# What the task asks
When you copy the material below, keep every line exact and leave each picture out.
-- Available records follows --
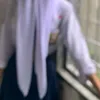 iqisssyaaa_
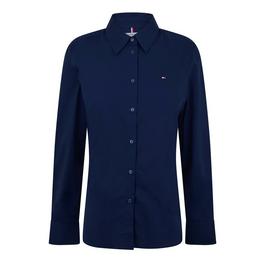 Tommy Hilfiger Heritage Shirt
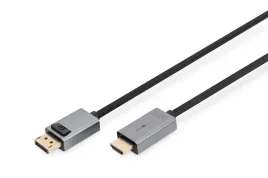 digitus-kabel-adapter-displayport-hdmi-4k-30hz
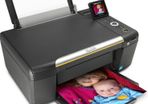 Kodak esp c315 printer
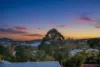 43 Headlam Parade, Springfield, NSW 2250-Image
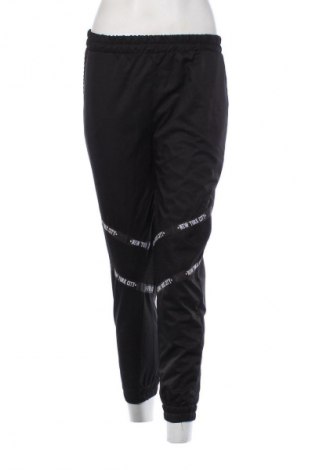 Női sport nadrág Tobi, Méret M, Szín Fekete, Ár 5 800 Ft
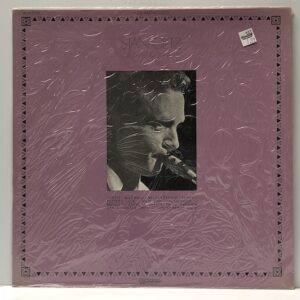 Quintet & Quartet 1950-1951 (USED LP)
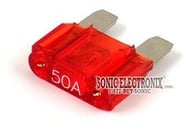 05MAXI50 small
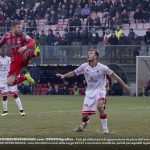 Carretta cremo perugia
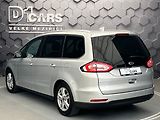 Ford Galaxy 2.0 EcoBlue Titanium 140 kW - náhled 1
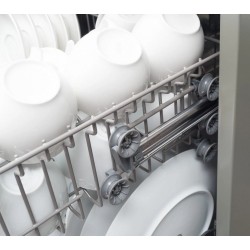 Zmywarka DIM42E6EBqO | PartsPC.pl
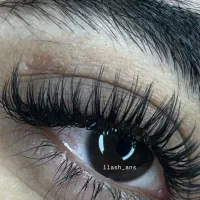 مژه|خدمات آرایشگری و زیبایی|شهر ری, هاشم‌آباد|دیوار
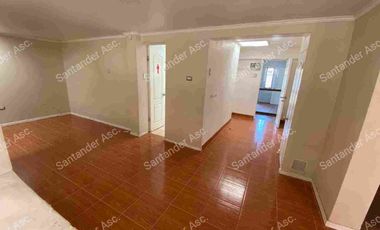 Sector Norte - medía luna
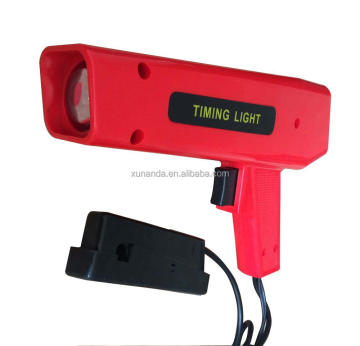 CP7504 Inductive Timing Light - Advanced Engine Diagnosis Tool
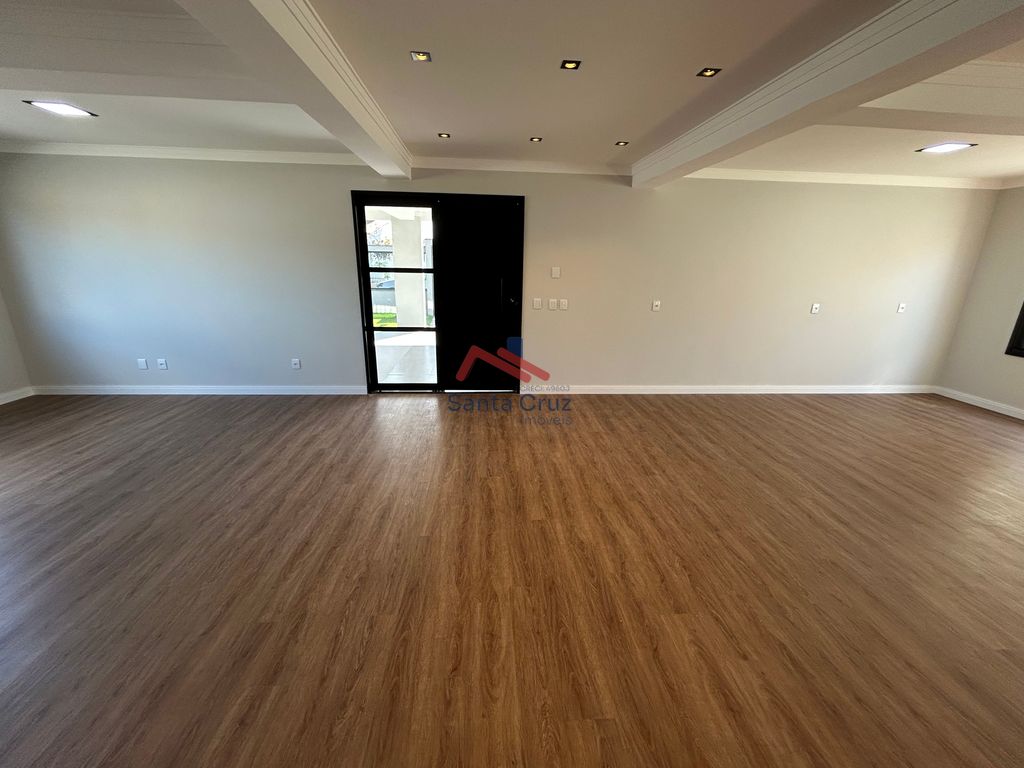 Sobrado, 5 quartos, 507 m² - Foto 33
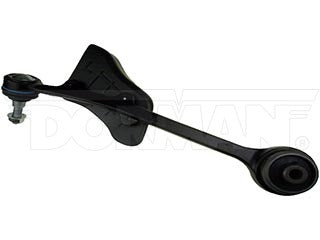 Dorman 526-265 Suspension - Control Arm and Ball Joint Assembly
-- Available records concluded --
# Result of this exercise
 iqisssyaaa_
 Tommy Hilfiger Heritage Shirt
 digitus-kabel-adapter-displayport-hdmi-4k-30hz
 Kodak esp c315 printer
 43 Headlam Parade, Springfield, NSW 2250-Image
 Női sport nadrág Tobi, Méret M, Szín Fekete, Ár 5 800 Ft
 Quintet & Quartet 1950-1951 (USED LP)
 05MAXI50 small
 Carretta cremo perugia
 Ford Galaxy 2.0 EcoBlue Titanium 140 kW - náhled 1
 Zmywarka DIM42E6EBqO | PartsPC.pl
 مژه|خدمات آرایشگری و زیبایی|شهر ری, هاشم‌آباد|دیوار
 Sector Norte - medía luna
 CP7504 Inductive Timing Light - Advanced Engine Diagnosis Tool
 Sobrado, 5 quartos, 507 m² - Foto 33
 Dorman 526-265 Suspension - Control Arm and Ball Joint Assembly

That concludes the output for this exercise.